Instead, this was an interim collection, the second in as many years, and one created by the studio team, the members of which came out for a group bow at the end of the show in matching Gucci green sweatshirts—Ancora Verde, rather than De Sarno’s Ancora Rosso. They were dozens strong, a reminder that design is the hard, collective work of large numbers of people. It’s a fact the brand made a point of highlighting: “A continuum of craft, taste, and culture that passes through time,” the press release read, “the fashion house is one that has many owners and guardians: craftspeople and artisans, creative directors and designers, communicators, and customers, each with their own histories entwined.”

And yet the promise of a singular, persuasive vision—a next big idea—is what keeps us all coming back for more. The announcement that is the first step towards that new vision still being pending, we were shown a “synthesis” of Gucci-isms today: sparkly shifts in the mod ’60s shape of the brand’s jet-set heyday, fur-less versions of Michele’s iconic loafer scuffs, the rhinestone flash of double Gs on velvet catsuits channeling Tom Ford’s ’90s glam, and De Sarno’s acid-hued silk slips, among other things. A yellow peacoat that looked normal enough from the front but had a gathered inset in the back that elevated it beyond the everyday seemed like another possible holdover from De Sarno; he had a thing for special outerwear.

The era hopping aside, the lingering impression was of a kooky bourgeoise, who goes out in in a faux fur and pencil skirt but neglects to put on a blouse over her lacy camisole, who ties a kerchief over a baseball cap, or matches her leather shorty gloves to her handbag. That was the women’s side, at least. The men’s, which was shown in tandem, was more narrowly focused on tailoring, with double-breasted suits accompanied by matching shirts and ties and single-breasted ones worn with tissue-thin turtlenecks, along with carcoats in vinyl, patinated animal print, or tweed. There were no big risks or statements.

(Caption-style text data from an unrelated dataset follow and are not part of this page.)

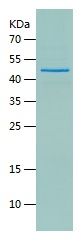 Recombinant Human LIMK1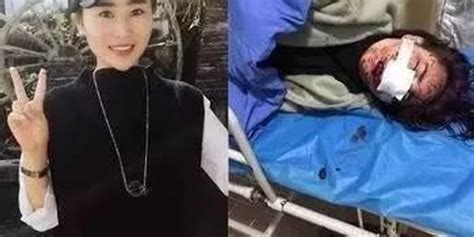 丽江被打女孩136天后首次公开近照和遗书(含视频)_手机新浪网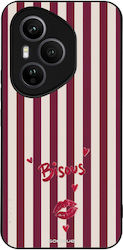 Sonique Stripe Stories Series Honor 400 Pro 5G ...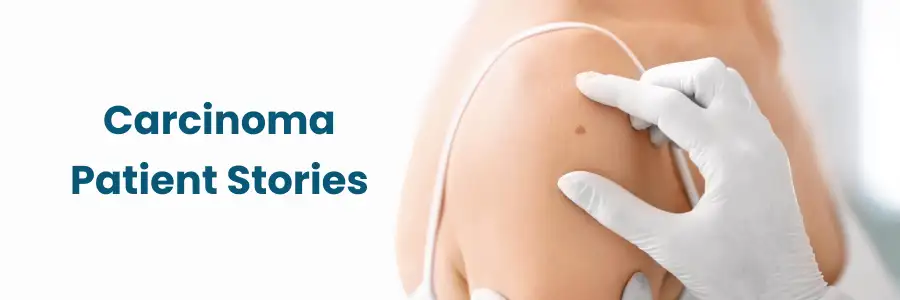 Carcinoma Patient Stories in Nellore Carcinoma Patient Stories in Nellore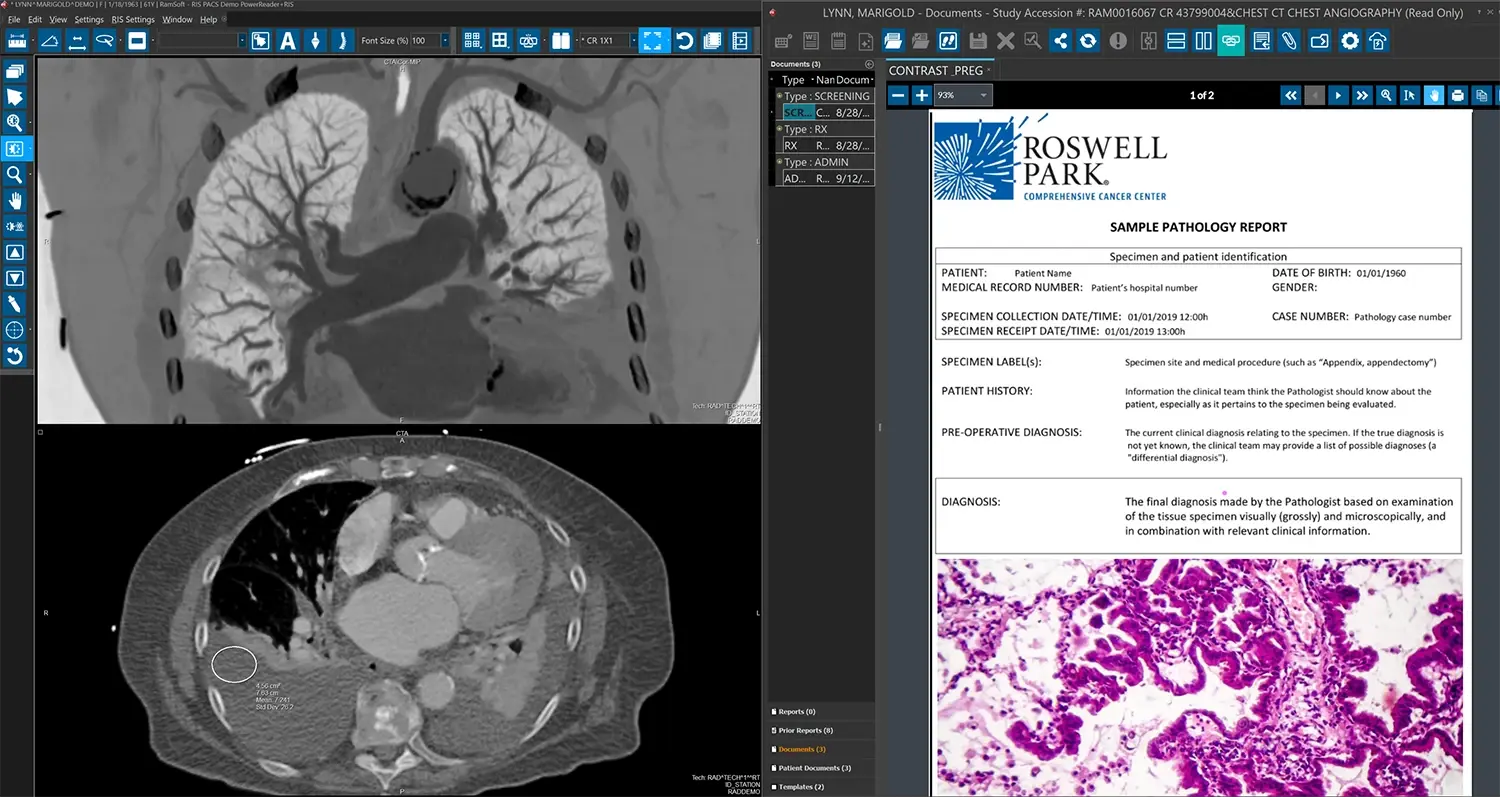 Revolutionizing Medical Practices with Cutting-Edge PACS XRay Systems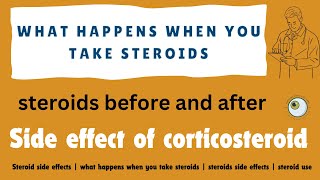 Steroid side effects  what happens when you take steroids  steroids side effects  steroid use [upl. by Seto306]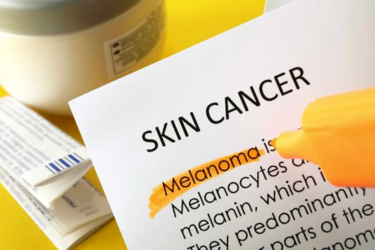 Загар как стресс: советы защиты кожи от старения и рака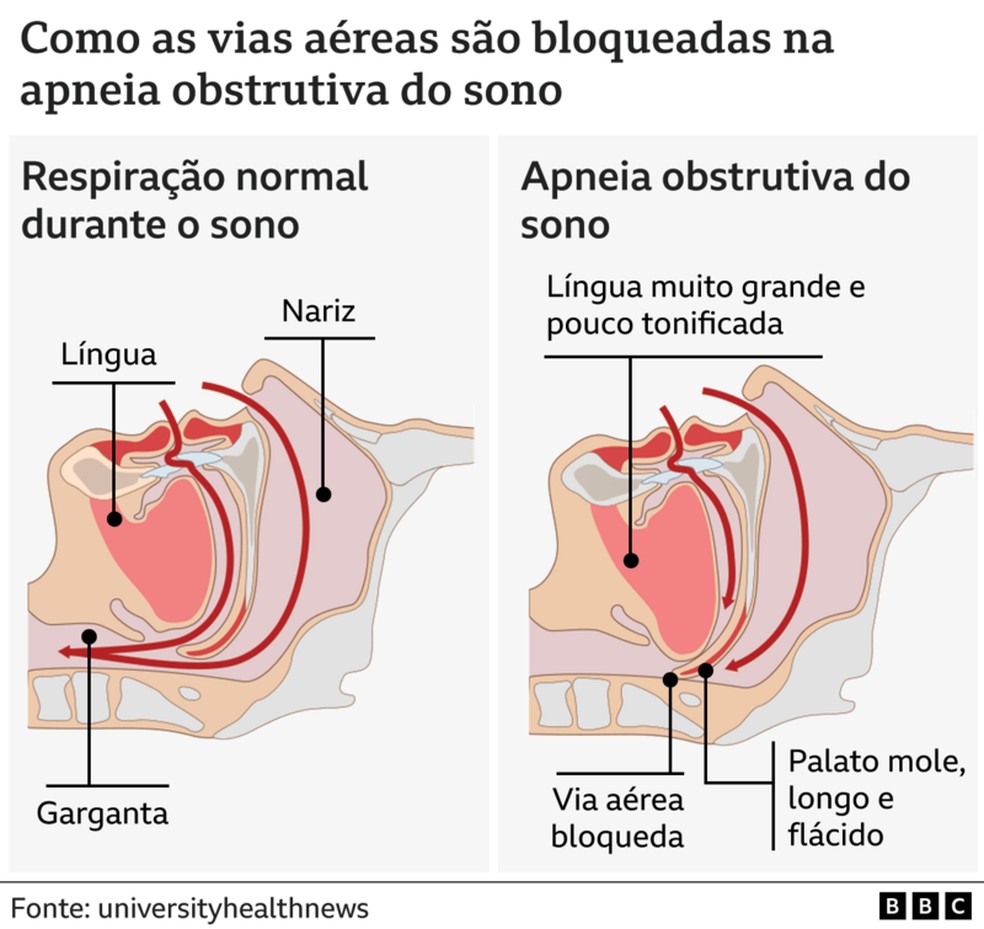  — Foto: BBC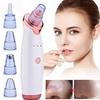 Electric Black Head Removal Face Vacuum Blackhead Instrument Blackhead Remover Vacuum Pore Cleaner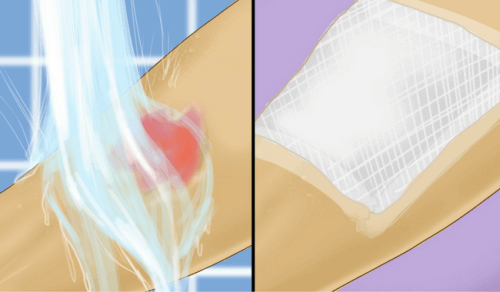 Перша допомога при опіках окропом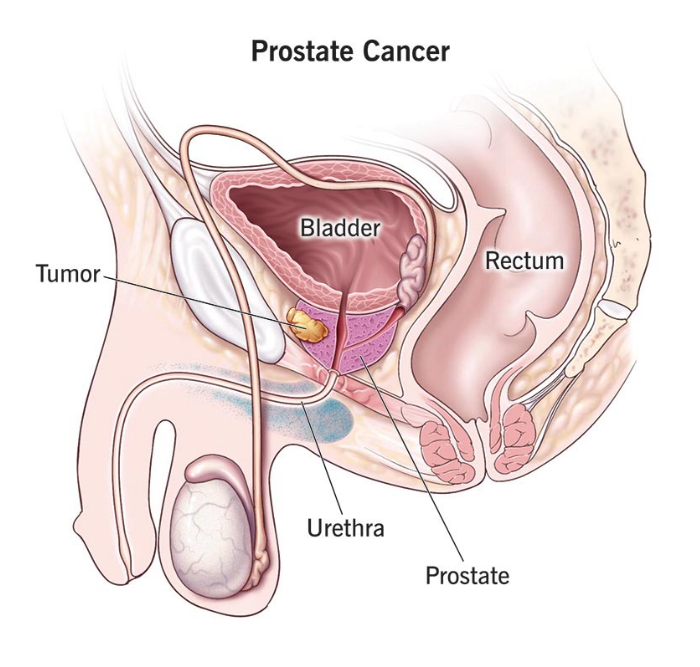 Prostate Cancer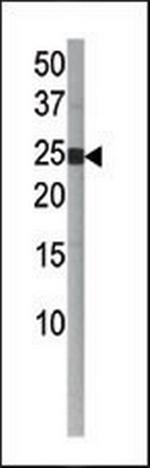 Phospho-BID (Ser65) Antibody in Western Blot (WB)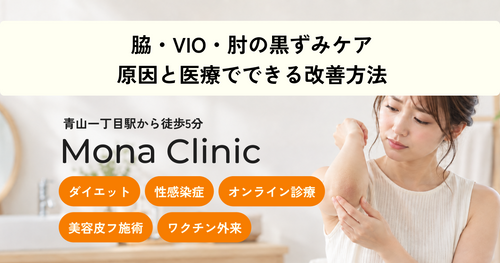 脇・VIO・肘の黒ずみケア|原因と医療でできる改善方法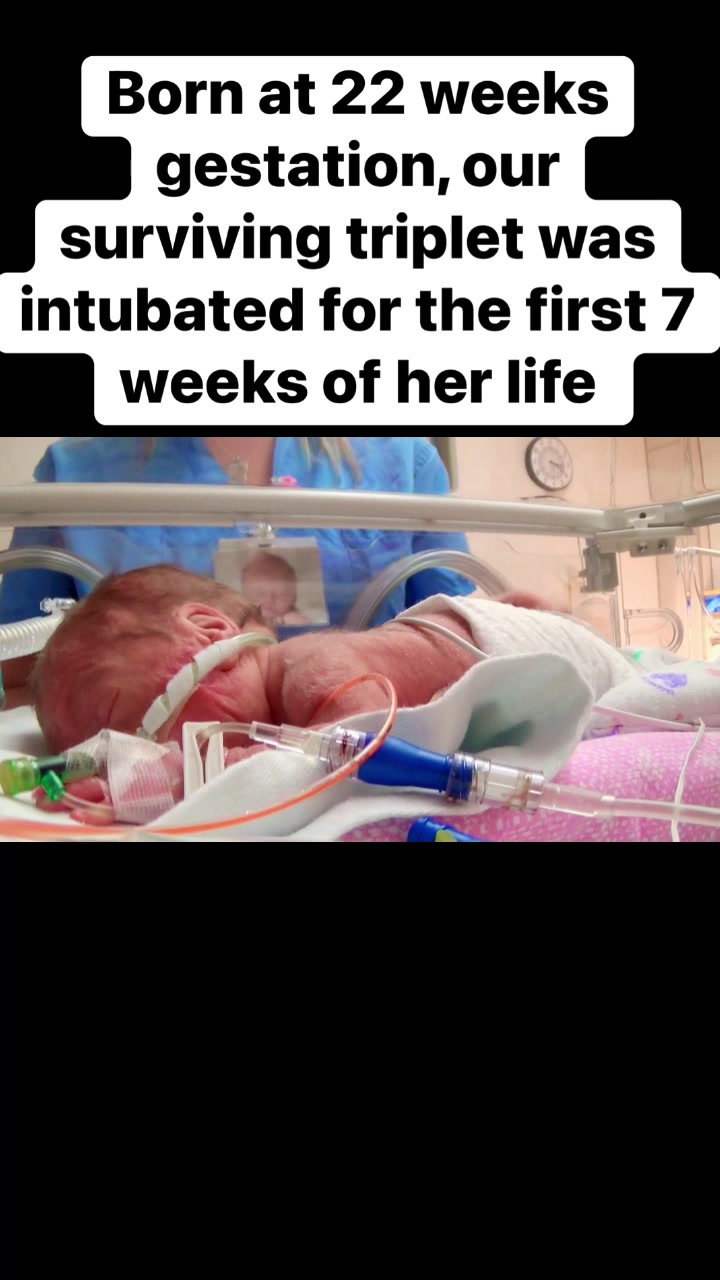 Heartwarming moment! Our 22 weeker surviving triplet spent her first ...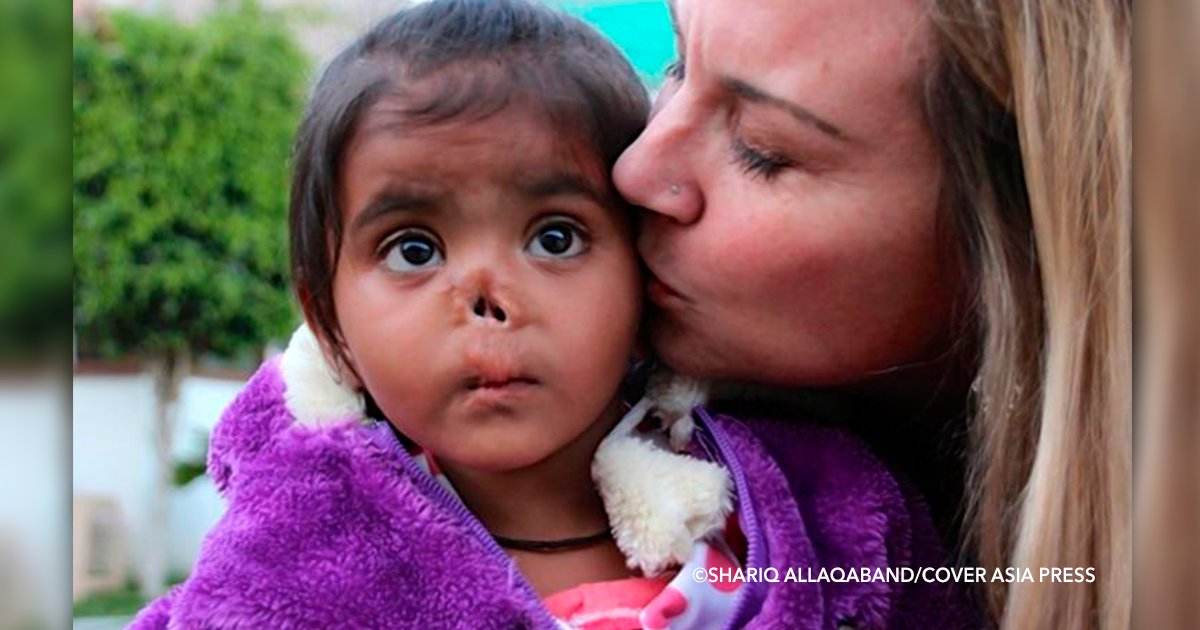 cover322 1.png?resize=1200,630 - Esta mujer adoptó una niña en la India a quien le habían comido la nariz los animales al ser abandonada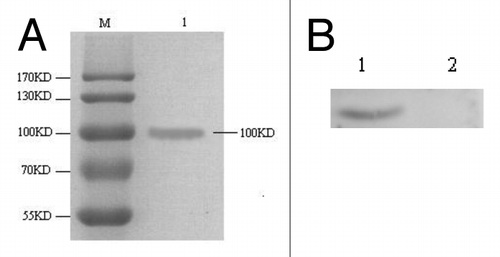 Figure 1. The identify of the EV71-P1 protein. (A) The SDS-PAGE analysis of P1 protein. The concentration of separatin gel was 10% for SDS-PAGE. M, market; 1, the purified P1 protein. (B) western blot analysis of P1 protein. The concentration of separating gel was 10% for western blot. 1, the purified P1 protein; 2, the pPIC9k-GS115 supernatant.
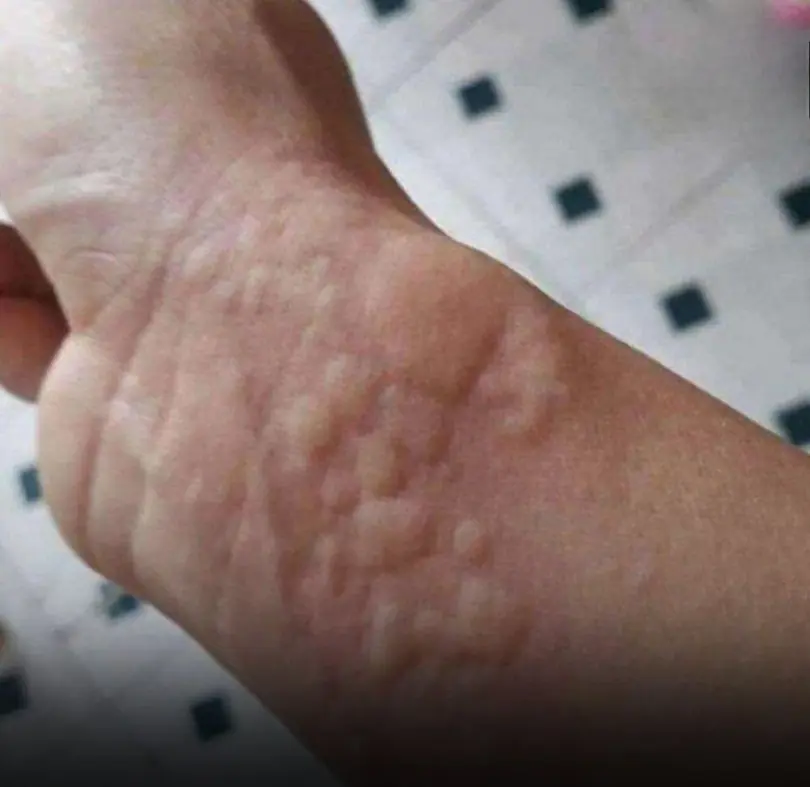 This ‘Simple Rash’ Could Turn Dangerous Fast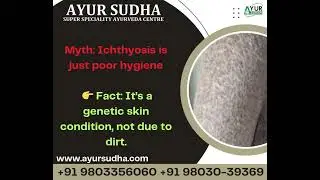 Ichthyosis  vulgaris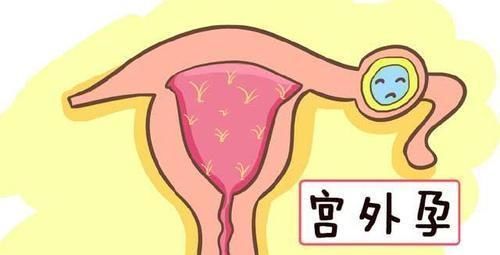 宫外孕|女人怀上“宫外孕”,多半是男人的锅妇产科医生几句话挑出问题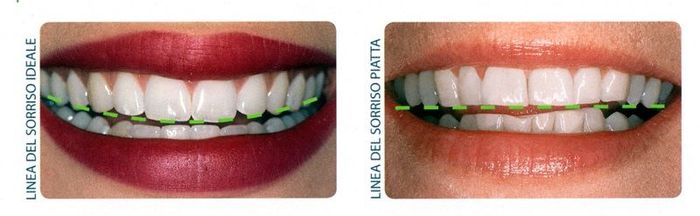 Primi piani affiancati di labbra e denti con un apparecchio ortodontico verde, che mostrano il prima e il dopo.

What’s next for Gucci? As the show notes pointed out, the house patrimony is extensive. This year marks the 70th anniversary of the Horsebit bag, and horsebits appeared in many different guises both large and small here. Brand codes are elemental and necessary, of course, but only the human touch and human creativity can give a show the elusive spark we’re all searching for so hopefully.